What TMC is proposing, then, is not simply a mining project—it is a precedent. A test case for a future where international common heritage is parceled off to the highest bidder, under cover of legal exception and economic urgency. And once this is done, once the abyssal plains are torn open and the world’s last untouched ecosystems are compromised, it cannot be undone. No amount of reclamation or remediation can restore the microbial networks, the carbon sinks, the benthic worlds we have yet to understand.
Let Us Name What Cannot Be Undone.
1. The Originary Sin of Absolute Power
The dropping of the atomic bombs on Hiroshima and Nagasaki was not merely a military decision—it marked the dawn of a new era of totalized, asymmetrical violence. It affirmed the United States not only as the dominant force in World War II, overshadowing the decisive role of the Soviet Union, but also positioned it as the unilateral arbiter of peace, shaping postwar negotiations with Japan. More than victory, it asserted a terrifying claim to ultimate power: the role of a sovereign capable of annihilation.n.
2. Sanctions as the Architecture of Empire
The use of sanctions as an extension of U.S. hegemony reveals the structural violence embedded in financial systems. Sanctions imposed unilaterally—without the mandate of international law—have strangled entire populations (Iraq, Iran, Venezuela, Cuba, Syria), serving as tools of collective punishment rather than diplomacy. This power has historically flowed through the unipolar dominance of the U.S. dollar and SWIFT system—now contested but not yet displaced.
3. Support for Genocide, Occupation, and Apartheid
The unquestioning support for the Israeli state’s military occupation and genocidal campaign against the Palestinian people exposes the absolute moral collapse of a nation-state that claims to be a defender of human rights. The complicity is bipartisan, financial, and military, rendering meaningless any invocation of international law from U.S. mouths.
4. The Machinery of Destabilization: Coups, Regime Change, and Psychological Operations
So many… including Iran in 1953, Chile in 1973, Libya in 2013, Ukraine in 2014 to ongoing hybrid wars in Africa, Asia, and Latin America, the United States—often through the intersection of the CIA, Department of Defense, private military contractors, and “democracy promotion” NGOs—has repeatedly overthrown, undermined, and economically sabotaged sovereign governments. This remains not an exception but the operating logic of Pax Americana.
5. Corporate Malfeasance and Legislative Capture
The U.S. Congress has become a theater of influence peddling, beholden not to the public but to corporate lobbyists, military-industrial actors, and financial elites. Between the China Lobby, AIPAC, the Londongrad or, Citizen’s United, Legislation is no longer a deliberative act for the common good, but a monetized process for privatization, deregulation, and deepening inequality.

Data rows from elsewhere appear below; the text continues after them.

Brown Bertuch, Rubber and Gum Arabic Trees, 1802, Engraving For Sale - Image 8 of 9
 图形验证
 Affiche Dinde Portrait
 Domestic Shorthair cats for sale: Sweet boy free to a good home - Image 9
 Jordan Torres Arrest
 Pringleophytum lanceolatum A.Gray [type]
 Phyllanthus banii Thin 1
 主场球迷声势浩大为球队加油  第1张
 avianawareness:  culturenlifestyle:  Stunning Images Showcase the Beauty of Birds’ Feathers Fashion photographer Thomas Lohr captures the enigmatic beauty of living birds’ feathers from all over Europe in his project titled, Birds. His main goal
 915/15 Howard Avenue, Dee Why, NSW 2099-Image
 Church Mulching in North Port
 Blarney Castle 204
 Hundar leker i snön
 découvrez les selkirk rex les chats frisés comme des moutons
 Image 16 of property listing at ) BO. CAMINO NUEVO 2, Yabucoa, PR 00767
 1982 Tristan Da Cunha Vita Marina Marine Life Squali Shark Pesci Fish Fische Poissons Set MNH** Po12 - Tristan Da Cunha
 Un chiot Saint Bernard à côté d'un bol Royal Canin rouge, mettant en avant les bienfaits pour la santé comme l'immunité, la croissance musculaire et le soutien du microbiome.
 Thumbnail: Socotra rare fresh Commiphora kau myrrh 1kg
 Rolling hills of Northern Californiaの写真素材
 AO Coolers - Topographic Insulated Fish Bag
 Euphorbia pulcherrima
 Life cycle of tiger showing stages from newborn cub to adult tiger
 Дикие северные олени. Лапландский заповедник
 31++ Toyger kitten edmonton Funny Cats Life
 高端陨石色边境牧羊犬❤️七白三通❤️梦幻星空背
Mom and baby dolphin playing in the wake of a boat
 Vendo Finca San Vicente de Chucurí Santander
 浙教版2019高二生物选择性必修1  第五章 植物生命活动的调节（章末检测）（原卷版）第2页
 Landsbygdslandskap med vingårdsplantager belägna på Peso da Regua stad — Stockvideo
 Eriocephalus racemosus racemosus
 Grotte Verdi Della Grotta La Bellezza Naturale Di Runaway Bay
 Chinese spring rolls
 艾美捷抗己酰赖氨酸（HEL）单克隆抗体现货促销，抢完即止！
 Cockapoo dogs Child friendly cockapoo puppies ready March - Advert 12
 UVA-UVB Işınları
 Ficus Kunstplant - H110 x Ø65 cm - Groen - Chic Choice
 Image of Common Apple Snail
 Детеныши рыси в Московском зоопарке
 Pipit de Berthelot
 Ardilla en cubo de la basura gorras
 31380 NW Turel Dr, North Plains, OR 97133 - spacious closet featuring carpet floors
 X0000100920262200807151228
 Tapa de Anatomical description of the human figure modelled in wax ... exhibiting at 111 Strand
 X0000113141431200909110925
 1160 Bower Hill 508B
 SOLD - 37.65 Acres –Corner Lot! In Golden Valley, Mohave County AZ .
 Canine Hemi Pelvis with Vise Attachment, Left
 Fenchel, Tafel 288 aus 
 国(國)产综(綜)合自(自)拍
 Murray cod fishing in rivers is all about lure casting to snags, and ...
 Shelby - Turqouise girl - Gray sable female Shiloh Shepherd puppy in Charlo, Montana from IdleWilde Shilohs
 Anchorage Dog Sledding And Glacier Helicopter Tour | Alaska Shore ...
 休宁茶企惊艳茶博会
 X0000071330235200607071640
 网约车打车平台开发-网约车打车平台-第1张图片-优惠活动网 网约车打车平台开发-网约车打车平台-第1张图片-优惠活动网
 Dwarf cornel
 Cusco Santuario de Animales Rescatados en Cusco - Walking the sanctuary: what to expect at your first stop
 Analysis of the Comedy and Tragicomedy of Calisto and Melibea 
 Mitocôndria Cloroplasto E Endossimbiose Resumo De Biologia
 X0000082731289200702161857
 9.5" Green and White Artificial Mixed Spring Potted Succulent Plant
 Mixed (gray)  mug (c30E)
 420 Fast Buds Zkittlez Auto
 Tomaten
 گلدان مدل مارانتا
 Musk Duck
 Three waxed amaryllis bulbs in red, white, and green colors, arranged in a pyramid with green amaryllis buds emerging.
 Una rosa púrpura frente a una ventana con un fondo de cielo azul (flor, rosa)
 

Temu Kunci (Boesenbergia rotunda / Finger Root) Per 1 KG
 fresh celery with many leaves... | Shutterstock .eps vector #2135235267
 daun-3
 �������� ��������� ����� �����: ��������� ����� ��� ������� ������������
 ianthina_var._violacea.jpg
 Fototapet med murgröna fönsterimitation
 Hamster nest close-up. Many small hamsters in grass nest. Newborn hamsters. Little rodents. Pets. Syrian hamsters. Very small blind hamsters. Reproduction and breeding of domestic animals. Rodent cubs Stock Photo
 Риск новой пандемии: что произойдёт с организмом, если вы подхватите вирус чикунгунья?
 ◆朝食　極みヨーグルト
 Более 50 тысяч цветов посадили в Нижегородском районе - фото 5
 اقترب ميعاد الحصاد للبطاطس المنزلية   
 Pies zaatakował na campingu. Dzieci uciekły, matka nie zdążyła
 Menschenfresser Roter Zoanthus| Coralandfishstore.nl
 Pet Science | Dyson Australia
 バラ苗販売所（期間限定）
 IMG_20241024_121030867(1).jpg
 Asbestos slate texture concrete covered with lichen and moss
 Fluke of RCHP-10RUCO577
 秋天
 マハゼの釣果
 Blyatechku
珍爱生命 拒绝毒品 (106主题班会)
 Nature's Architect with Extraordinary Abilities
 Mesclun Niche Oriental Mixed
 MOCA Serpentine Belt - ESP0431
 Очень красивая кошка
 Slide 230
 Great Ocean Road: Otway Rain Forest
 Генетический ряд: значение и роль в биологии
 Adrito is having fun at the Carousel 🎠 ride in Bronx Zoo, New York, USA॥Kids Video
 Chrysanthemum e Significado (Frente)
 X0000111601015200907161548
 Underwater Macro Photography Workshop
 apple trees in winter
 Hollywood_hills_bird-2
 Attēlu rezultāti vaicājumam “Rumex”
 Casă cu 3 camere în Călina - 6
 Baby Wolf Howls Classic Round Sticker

6. Abandonment of Treaties and International Agreements
From the Kyoto Protocol to the Iran Nuclear Deal, from arms control agreements to climate commitments, the United States has repeatedly walked away or as in the case of the Minsk Agreements influenced foreign governments to walkaway from agreements when it no longer suits its strategic interests. This lack of treaty fidelity erodes trust in international law and institutions, leaving behind a wake of broken promises.
7. Debt as War by Other Means
The $36 trillion U.S. national debt, compounded by stimulus for military expansion, post-2008 bailouts for financial institutions, and spiraling interest payments, does not simply reflect economic mismanagement—it is the ledger of empire. The U.S. continues to leverage its military and financial dominance to extract and borrow with impunity, even as it imposes austerity and debt discipline on others through the IMF and World Bank.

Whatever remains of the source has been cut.